Most large companies have IT Asset Management (ITAM) and IT Service Management (ITSM) systems that manage assets, which include not only hardware, software, networks and services, but also employee and customer data.
In any enterprise, service desk managers and CIOs need insight from data for making key decisions. They can manage resources better, analyze costs and trends efficiently, and improve overall customer service quality by tracking critical metrics like employee performance, service desk responsiveness, IT user preferences, customer satisfaction ratings, service-level agreement violation rates etc.
A leading Australian Telecommunications company, providing telecom, internet and digital services to individuals and large businesses, was facing issues with its ITAM/ITSM systems, leading to revenue loss and low customer satisfaction.
The Telco was using its ITAM systems to manage its daily B2B operations and customer support. Despite having a very large ITAM/ITSM support team, the issues raised by the customers (such as network connectivity, purchase orders, applications down-time etc.) were taking several weeks, even months, to resolve.
The need of the hour
The telecom company wanted to improve the efficiency of their ITAM/ITSM systems, address the issues raised by their customers quickly and ensure high Customer Satisfaction Score (CSAT) through controlled operations. They also wanted answers to what-if scenarios such as
- How many more resources will we need to reduce the lifetime of tickets from 2 weeks to 1 week?
- If we remove, let’s say 10 resources, how much will the ticket lifetime increase?

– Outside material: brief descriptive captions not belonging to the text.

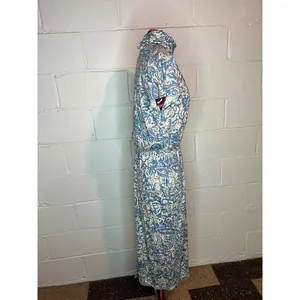 dress knit high neck blue cream 1980s pockets thumbnail 8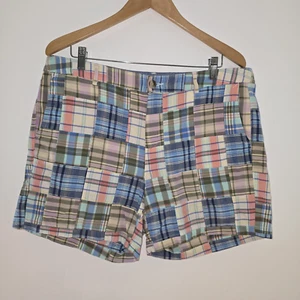 L.L. Bean 14 Shorts Favorite Fit Patchwork Madras Womens Pastel Plaid Zip Cotton - Picture 1 of 8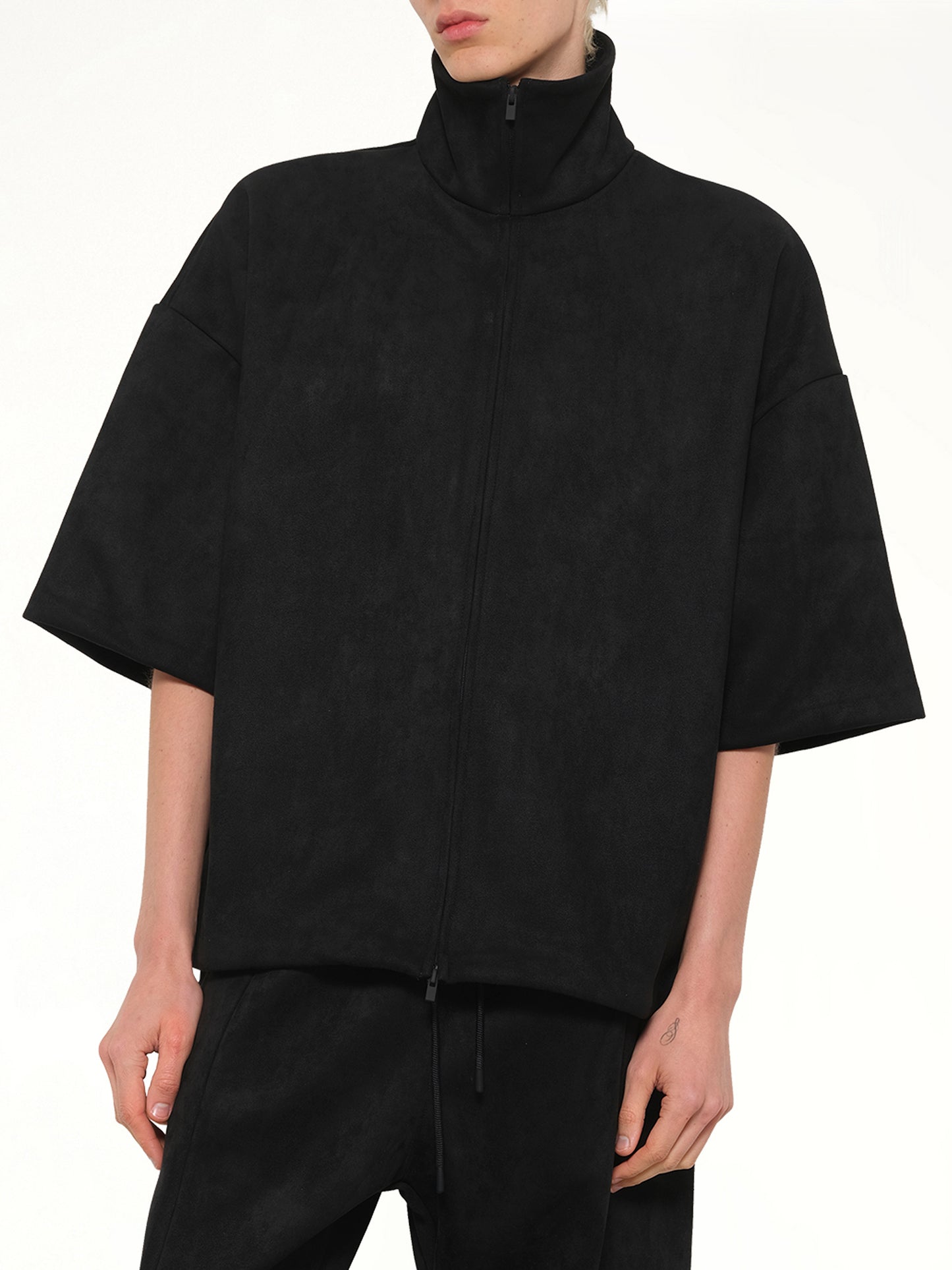 High Neck 3/4 Sleeve Jacket in Vintage Black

- If the number of tickets increases by 10%, what would be the impact on average time to resolve an issue?
The solution approach
Post research, we understood that the Telco’s service desk system involved very complex processes with violations of many business rules.

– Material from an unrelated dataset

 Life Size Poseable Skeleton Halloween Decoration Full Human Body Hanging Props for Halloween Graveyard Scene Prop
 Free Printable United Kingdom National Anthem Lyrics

We performed preliminary analysis of the historical data, the issues raised by the customers, and the tickets’ lifetime and journey within the network.
We came up with different solution approaches that were machine learning (ML) based and simulation-based, among others. The ML-based approaches considered were to predict the next best action to assign the tickets to the most appropriate group so that the tickets travel through the shortest path to get resolved quickly.
The simulation-based approach mimicked the ITAM system and addressed what-if scenarios that the Telco wanted answers to. In simulations, we started with a question. Then we represented the system at a high-level abstraction, adequate to answer the question. We analyzed the raw data and extracted the input parameters such as arrival rate, service time distribution, resources distribution etc. for simulations, and then performed the simulations. Post this, the output was analyzed to answer the questions. All possible configurations were simulated under the given business constraints to find optimal solutions.
- Initially, we used AnyLogic (free personal learning edition) to simulate simple systems and create demos and animations for the senior management. Understanding the simulations can be complex for non-technical audience.
- Later, we developed a code in Python for the simulation to find the optimal solution.
- We leveraged Discrete-Event Simulation method with Queuing theory.
- Power BI by Microsoft was used for easy consumption of the results from simulations and KPIs.
With the delivered solution, the telecom company was able to fix the issues with its ITAM/ITSM systems and ensure customer satisfaction.
- Improvement in the working efficiency of ITAM/ITSM systems
- Reduction in time to resolve customer issues
- Optimization of the system resources and manpower
- Increase in utilization of manpower
- Understanding of the interdependencies among different teams/vendors, and reduction of the waiting times between the teams
- Revelation of several violations of business rules and malpractices
- Identification of bottlenecks and key pain points in the system
- A tool to simulate and answer what-if scenarios
- Do not underestimate the challenges in data quality and data cleansing.
- Data alone is not sufficient to understand the business process.
- SME and domain knowledge is a must.
- Data does not always adhere to business rules.
- When the data/ticketing system doesn’t follow queue principles, it's not feasible to find whether it is a business principle (queue) violation or data quality issue.
- When conveying complex models and methods to non-technical audience and senior management, use very simple toy models and animations.
- Do not confine to traditional established approaches.
- Always think about new and non-traditional approaches applied elsewhere.
- Find out what problems can be solved without big infrastructure, commercial licenses and investment.
Simulation is a great approach to mimic a real-world scenario safely on a computer. They do not require big infrastructure: a couple of data scientists are enough to solve complex problems and a number of open source and free packages are available for simulations. Simulations require very low investment and the ROI is high. Surprisingly, despite its overwhelming usage, simulation has not got the attention it deserves.